Surpaissance

Dès 1873, les voyageurs ont commencé à remarquer que les prairies de graminées autrefois verdoyantes semblaient mal en point. Le révérend George M. Grant, qui avait voyagé avec l’équipe d’arpenteurs du CP dans la région d’Ashcroft cette année-là, avait remarqué une grande détérioration des graminées.

« Ce n’est guère mieux qu’une grande carrière de gravier et de sable, entourée de collines accidentées, dénudées et arides, sauf sur quelques sommets qui soutiennent une faible croissance de pins gris.
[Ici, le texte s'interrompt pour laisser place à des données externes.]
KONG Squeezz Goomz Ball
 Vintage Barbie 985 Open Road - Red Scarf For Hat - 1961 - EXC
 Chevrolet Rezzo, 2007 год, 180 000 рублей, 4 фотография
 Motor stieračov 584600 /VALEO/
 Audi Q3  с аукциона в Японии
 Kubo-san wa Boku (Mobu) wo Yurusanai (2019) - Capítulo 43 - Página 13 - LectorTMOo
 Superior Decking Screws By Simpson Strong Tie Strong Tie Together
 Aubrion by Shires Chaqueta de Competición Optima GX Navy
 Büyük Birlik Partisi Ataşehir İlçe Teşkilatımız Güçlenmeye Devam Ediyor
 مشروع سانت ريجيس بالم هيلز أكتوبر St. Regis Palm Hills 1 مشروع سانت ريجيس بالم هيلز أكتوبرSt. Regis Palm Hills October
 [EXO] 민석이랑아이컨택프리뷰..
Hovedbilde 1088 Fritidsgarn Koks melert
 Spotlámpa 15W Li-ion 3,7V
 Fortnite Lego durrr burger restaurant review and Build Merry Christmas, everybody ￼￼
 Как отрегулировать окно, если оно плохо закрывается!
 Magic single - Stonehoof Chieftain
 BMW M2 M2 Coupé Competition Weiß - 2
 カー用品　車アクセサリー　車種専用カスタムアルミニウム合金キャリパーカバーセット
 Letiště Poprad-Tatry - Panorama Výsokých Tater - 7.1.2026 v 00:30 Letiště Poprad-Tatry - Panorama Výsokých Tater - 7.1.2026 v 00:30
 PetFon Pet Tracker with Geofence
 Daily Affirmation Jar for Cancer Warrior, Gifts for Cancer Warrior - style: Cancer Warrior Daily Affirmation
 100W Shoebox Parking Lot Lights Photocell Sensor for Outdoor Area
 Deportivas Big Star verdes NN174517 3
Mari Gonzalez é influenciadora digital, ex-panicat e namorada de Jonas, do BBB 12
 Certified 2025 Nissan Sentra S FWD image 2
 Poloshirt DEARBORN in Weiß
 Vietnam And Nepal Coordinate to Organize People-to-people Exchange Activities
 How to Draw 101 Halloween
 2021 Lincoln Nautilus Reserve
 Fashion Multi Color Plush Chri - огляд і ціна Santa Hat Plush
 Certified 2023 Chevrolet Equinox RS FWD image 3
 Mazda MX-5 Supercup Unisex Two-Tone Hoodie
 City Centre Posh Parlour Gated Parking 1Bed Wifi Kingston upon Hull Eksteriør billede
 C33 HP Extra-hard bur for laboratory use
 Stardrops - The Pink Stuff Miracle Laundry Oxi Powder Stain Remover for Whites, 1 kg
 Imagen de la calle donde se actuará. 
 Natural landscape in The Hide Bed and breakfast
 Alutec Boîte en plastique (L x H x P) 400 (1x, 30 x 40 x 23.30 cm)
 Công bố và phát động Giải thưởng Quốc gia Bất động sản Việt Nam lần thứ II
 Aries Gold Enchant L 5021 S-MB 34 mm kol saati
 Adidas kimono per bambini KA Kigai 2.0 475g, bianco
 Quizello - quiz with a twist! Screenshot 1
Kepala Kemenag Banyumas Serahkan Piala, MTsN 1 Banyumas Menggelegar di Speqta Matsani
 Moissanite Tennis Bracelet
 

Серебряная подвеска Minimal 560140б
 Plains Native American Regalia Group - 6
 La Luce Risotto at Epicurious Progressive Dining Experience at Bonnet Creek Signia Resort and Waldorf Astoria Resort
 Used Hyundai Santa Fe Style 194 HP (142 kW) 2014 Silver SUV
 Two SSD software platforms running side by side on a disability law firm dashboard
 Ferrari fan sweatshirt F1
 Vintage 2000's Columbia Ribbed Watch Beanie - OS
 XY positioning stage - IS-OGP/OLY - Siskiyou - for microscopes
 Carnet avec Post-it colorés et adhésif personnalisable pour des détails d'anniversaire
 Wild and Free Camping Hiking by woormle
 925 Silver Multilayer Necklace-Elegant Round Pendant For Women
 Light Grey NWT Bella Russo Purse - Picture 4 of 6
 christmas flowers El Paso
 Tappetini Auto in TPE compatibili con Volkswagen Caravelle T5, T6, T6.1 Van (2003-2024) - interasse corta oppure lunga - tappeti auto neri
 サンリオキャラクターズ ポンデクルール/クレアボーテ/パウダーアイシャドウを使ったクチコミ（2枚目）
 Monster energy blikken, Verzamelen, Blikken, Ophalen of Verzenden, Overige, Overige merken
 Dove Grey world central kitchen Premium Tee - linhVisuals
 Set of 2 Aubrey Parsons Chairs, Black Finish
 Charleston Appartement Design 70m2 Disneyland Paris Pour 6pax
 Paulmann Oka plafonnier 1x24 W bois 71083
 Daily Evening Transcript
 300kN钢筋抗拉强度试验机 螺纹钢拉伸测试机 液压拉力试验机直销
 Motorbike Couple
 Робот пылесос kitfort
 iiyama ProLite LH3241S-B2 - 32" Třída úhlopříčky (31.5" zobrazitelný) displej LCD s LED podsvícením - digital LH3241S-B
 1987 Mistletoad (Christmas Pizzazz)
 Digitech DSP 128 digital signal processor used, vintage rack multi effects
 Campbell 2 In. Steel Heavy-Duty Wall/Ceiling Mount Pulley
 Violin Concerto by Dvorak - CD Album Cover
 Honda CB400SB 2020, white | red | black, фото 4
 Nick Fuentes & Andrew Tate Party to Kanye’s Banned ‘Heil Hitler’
Le bétail a mangé toutes les graminées en touffe jusqu’à trois ou quatre milles du chemin, et un pauvre substitut, principalement sous forme d’une mauvaise herbe ou d’un arbuste bleuâtre, appelé armoise, a pris sa place. »

Ce que Grant voyait était l’inévitable résultat de la paissance constante sur les délicates graminées pendant de longues périodes.

Une photo d'une prairie surpâturée à Riske Creek dans le Chilcotin. Cliquez pour agrandir, l'image s'ouvre dans une nouvelle fenêtre

Prairie surpâturée à Riske Creek dans le Chilcotin. NA-12576 - Avec la permission du Museum of the Cariboo-Chilcotin.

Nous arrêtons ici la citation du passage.